Even assuming that a contrary verdict is not unreasonable, we find that upon examining the evidence in a neutral light, “ ‘weighting] the relative probative force of conflicting testimony and the relative strength of conflicting inferences that may be drawn from the testimony’ ” (People v Bleakley, 69 NY2d 490, 495 [1987], supra, quoting People ex rel. MacCracken v Miller, 291 NY 55, 62 [1943]), and according due deference to the factfinder’s resolution of any credibility issues, there is no error (see People v Griffin, 300 AD2d 743, 744 [2002], lv denied 99 NY2d 614 [2003]).

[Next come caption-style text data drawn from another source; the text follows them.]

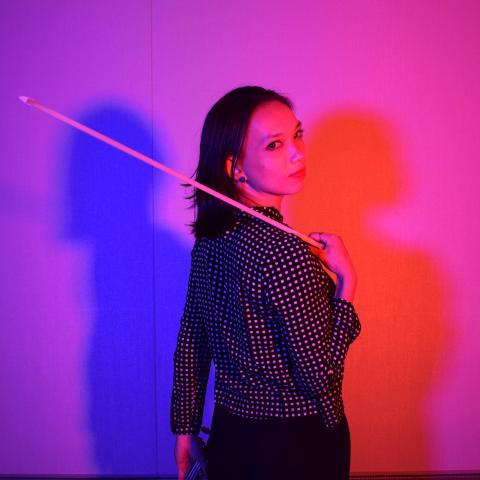 Teagan stands in front of blue and red light with a violin bow.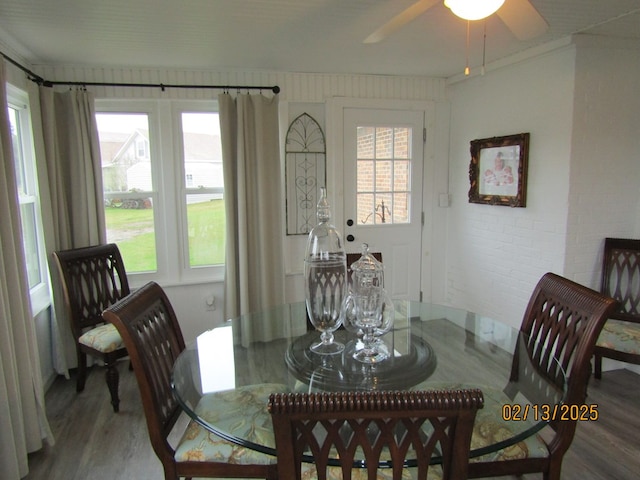 dining area featuring hardwood / wood-style floors, ceiling fan, and brick wall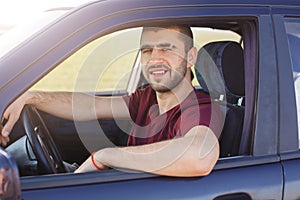 Handsome young dark haired male with stubble dressesd maroon casual t shirt, poses in black car, looks at camera trough window,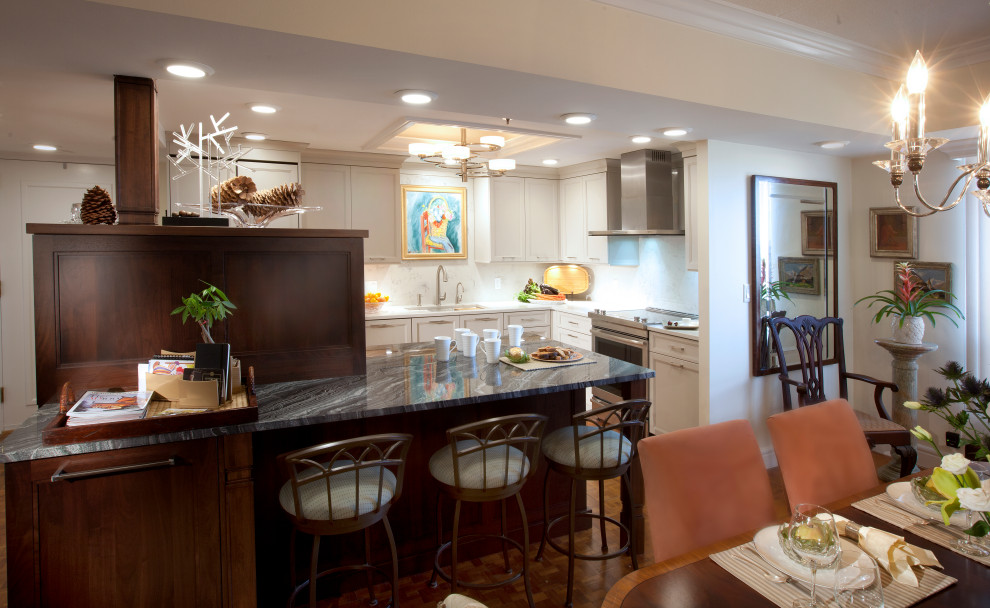 Inspiration for a transitional eat-in kitchen remodel with an undermount sink, flat-panel cabinets, granite countertops, stainless steel appliances and an island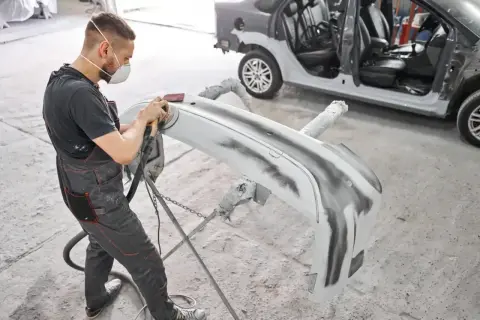 Mechanik szlifuje zderzak przed malowaniem. Dowiedz się, ile kosztuje naprawa zderzaka.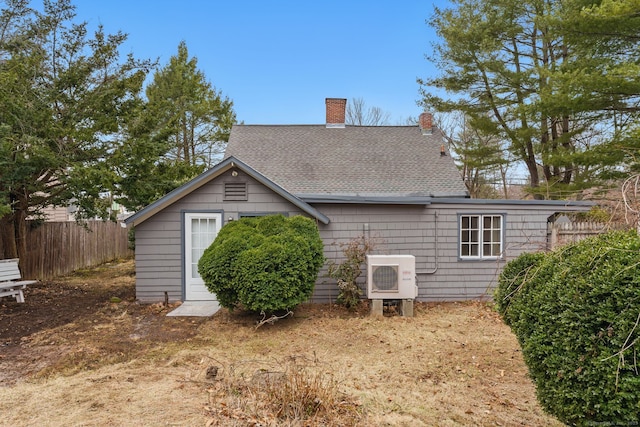 rear view of property with ac unit, fence, and roof with shingles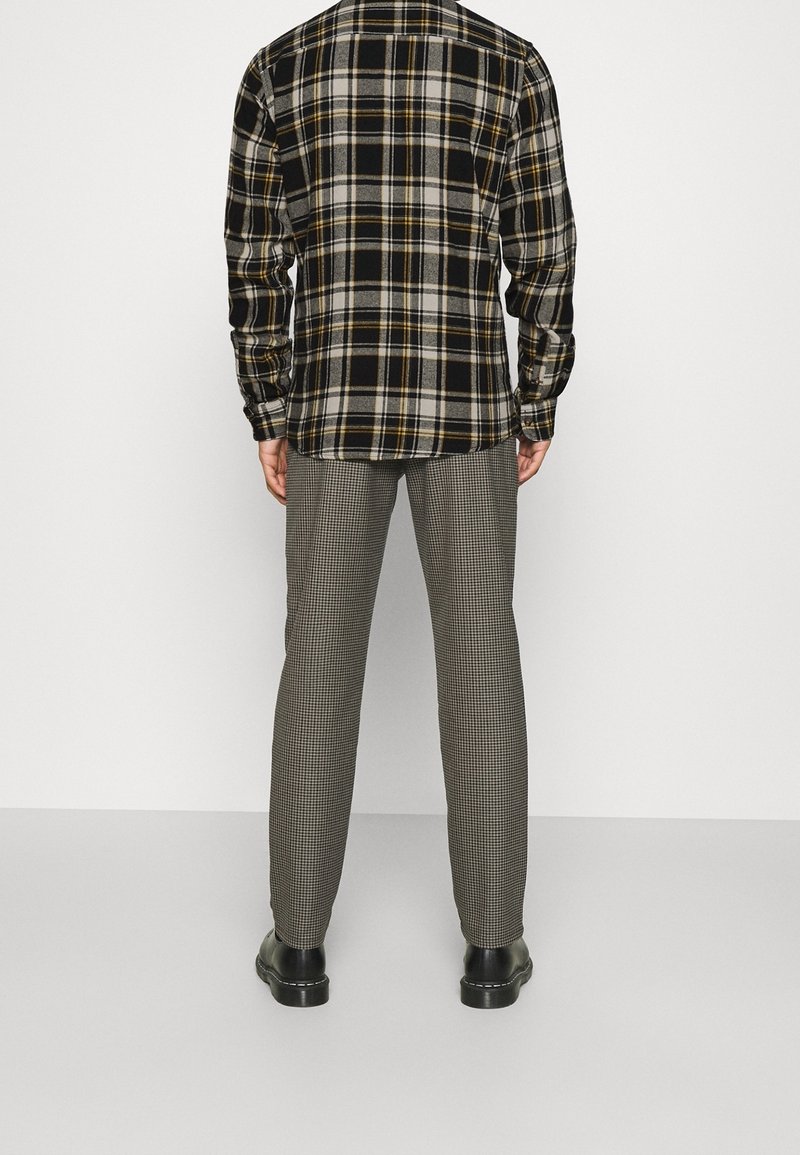 Camisa de franela a cuadros en negro y amarillo combinada con pantalones de espiga en gris. Presenta mangas largas y un diseño de botones, con zapatos negros.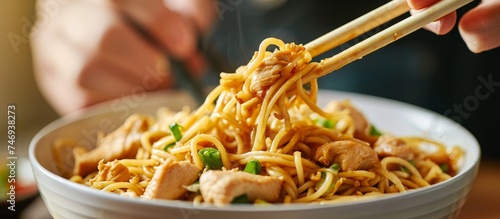 A person is enjoying Chinese noodles with chopsticks from a bowl, savoring the al dente rice noodles in the dish.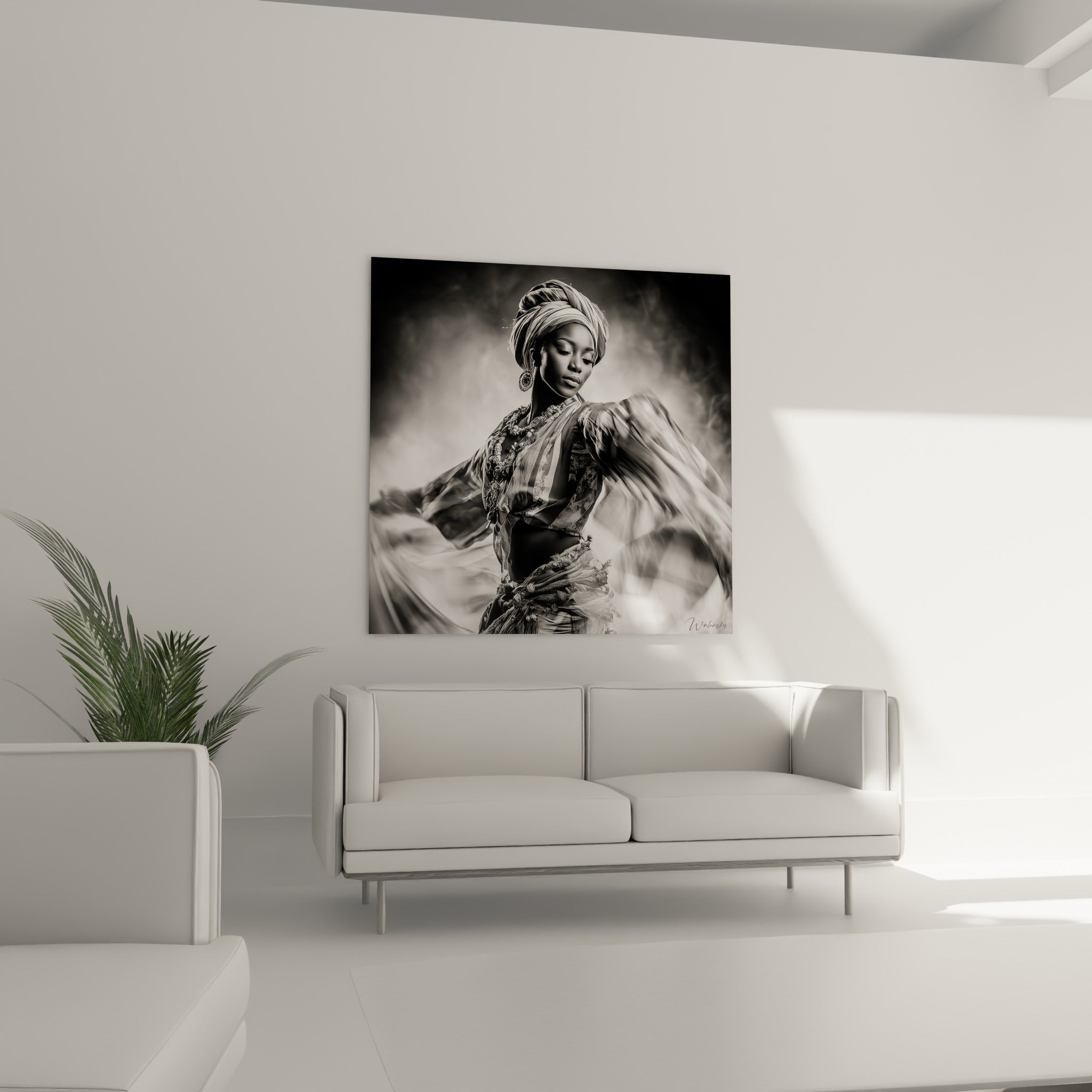 Tourbillon de tissu blanc et noir profond, geste de danse figé, au-dessus d'un canapé dans un salon lumineux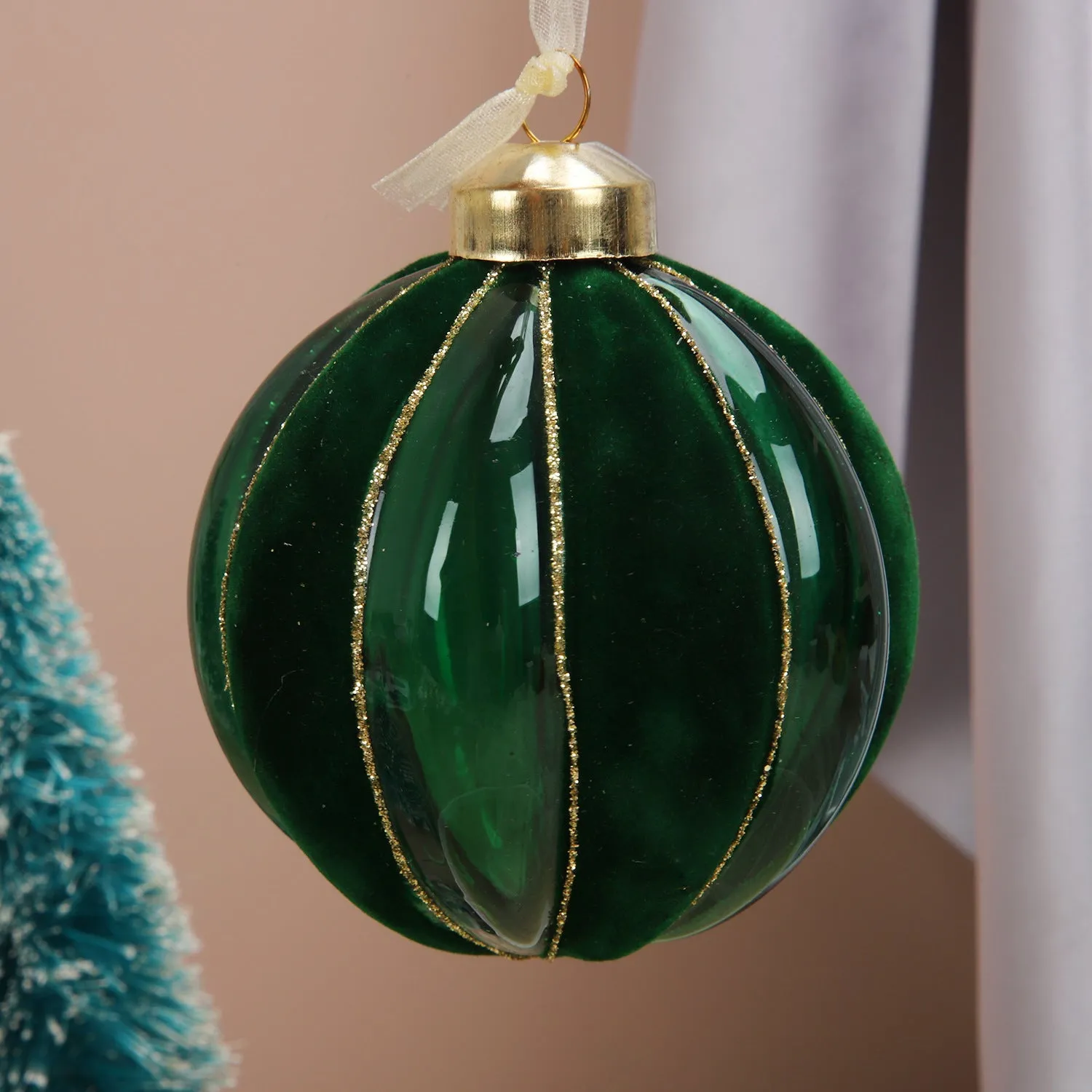 Green and yellow striped flocking Christmas glass ball decoration with mosaic surface on white background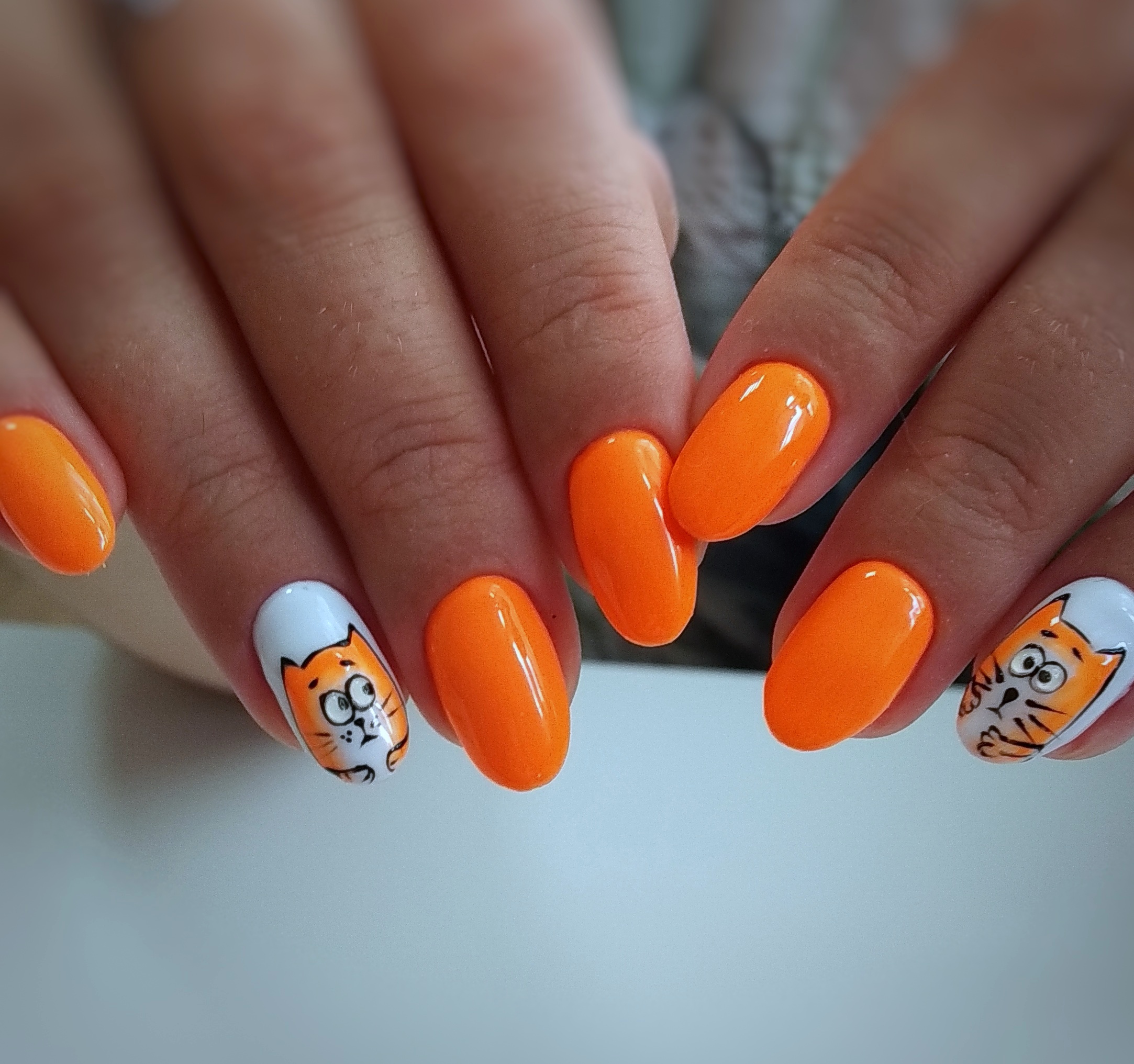 Маникюр в оранжевом цвете с белым дизайном и мультяшным рисунком "котики".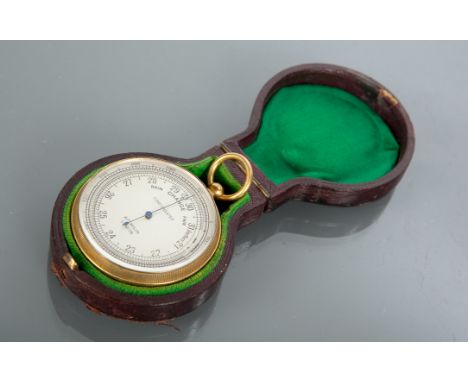 EDWARDIAN CASED POCKET BAROMETER maker Aitchison of London, with silvered compensated dial, in a red leather case, 7cm long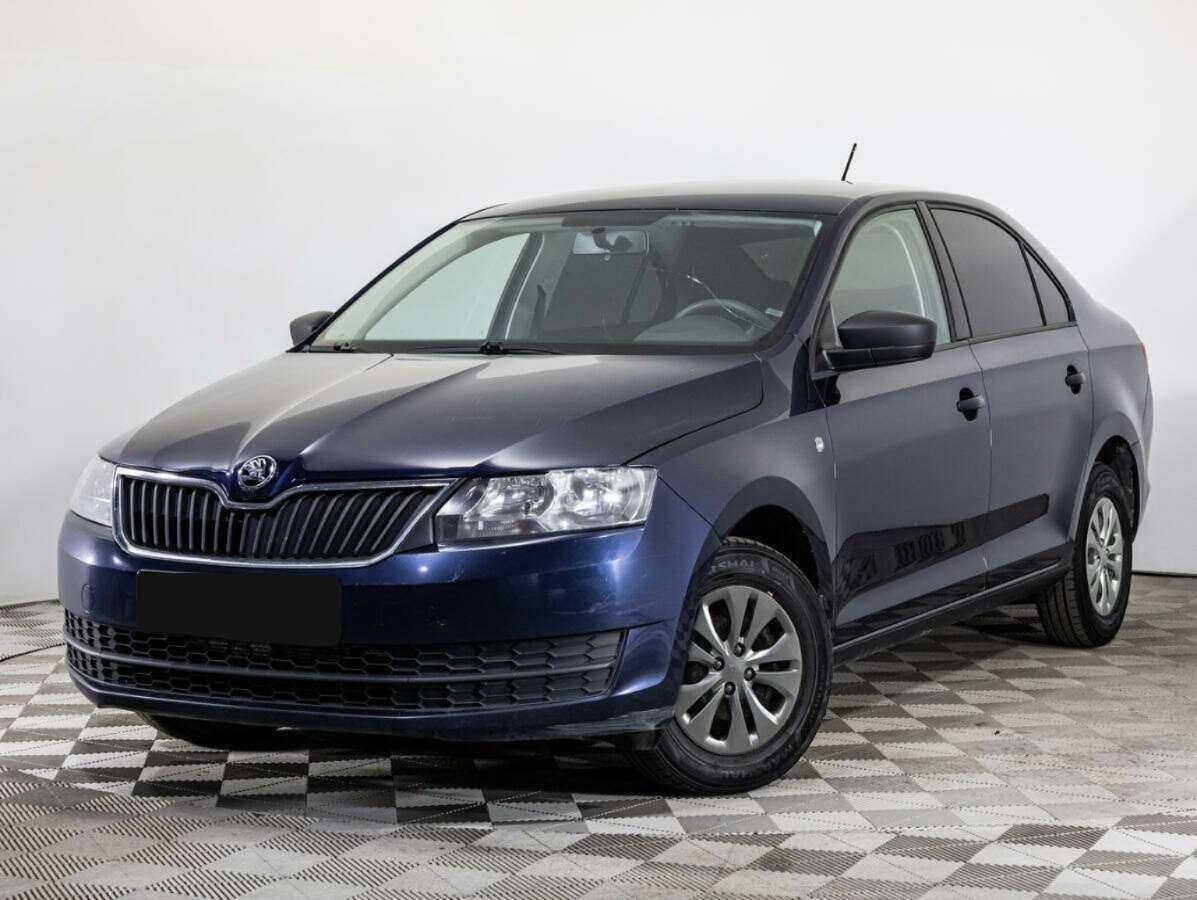 Skoda Rapid 2015 года с пробегом. Посмотреть фото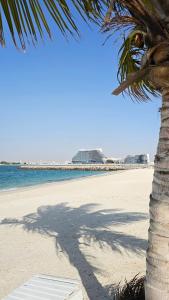 uma palmeira sentada numa praia com o oceano em Luxury Beach Apartment em Ras al-Khaimah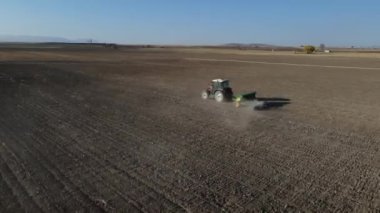 Aerial drone view of tractor tilling the land, working with tractor in farmland, image of tractor hoeing soil leaving dust, farming with tractor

*788Having reviewed defendants’ remaining contentions and finding them either unpreserved or lacking in merit, we affirm.
Cardona, EJ., Crew III, Carpinello and Rose, JJ., concur. Ordered that the judgment is affirmed, and matter remitted to the Supreme Court for further proceedings pursuant to CEL 460.50 (5).
. Although it is undisputed that defendants provided those records for a period of time, Arnold later destroyed a portion of them.
. The evidence demonstrated that defendants repeatedly certified the information alleged in count one at least until April 1999. With respect to counts two through four, they certified that information until at least November 1997 (see People v First Meridian Planning Corp., 86 NY2d 608, 615-616 [1995]).
. Under Penal Lav/ § 155.05, “[a] person steals property and commits larceny when, with intent to deprive another of property or to appropriate the same to himself or to a third person, he [or she] wrongfully takes, obtains or withholds such property from an owner thereof’ (Penal Law § 155.05 [1]). A defendant commits larceny by false pretenses when he or she “obtain[s] possession of money of another by means of an intentional false material statement about a past or presently existing fact upon which the victim relied in parting with the money” (People v Starks, 238 AD2d 621, 622 [1997], lv denied 91 NY2d 836 [1997]; see Penal Law § 155.05 [2] [a]; People v Churchill, 47 NY2d 151, 157-158 [1979]). In order to prove the crime of grand larceny in the first degree, the People had to establish, beyond a reasonable doubt, that defendants stole property having a value that exceeded $1 million (see Penal Law § 155.42). To prove the crime of grand larceny in the second degree, the People had to show that defendants stole property having a value that exceeded $50,000 (see Penal Law § 155.40 [1]).
. Although defendants received no actual reimbursement for therapy costs until 1996, the format of the reports made it clear that the costs were allowable and reimbursable.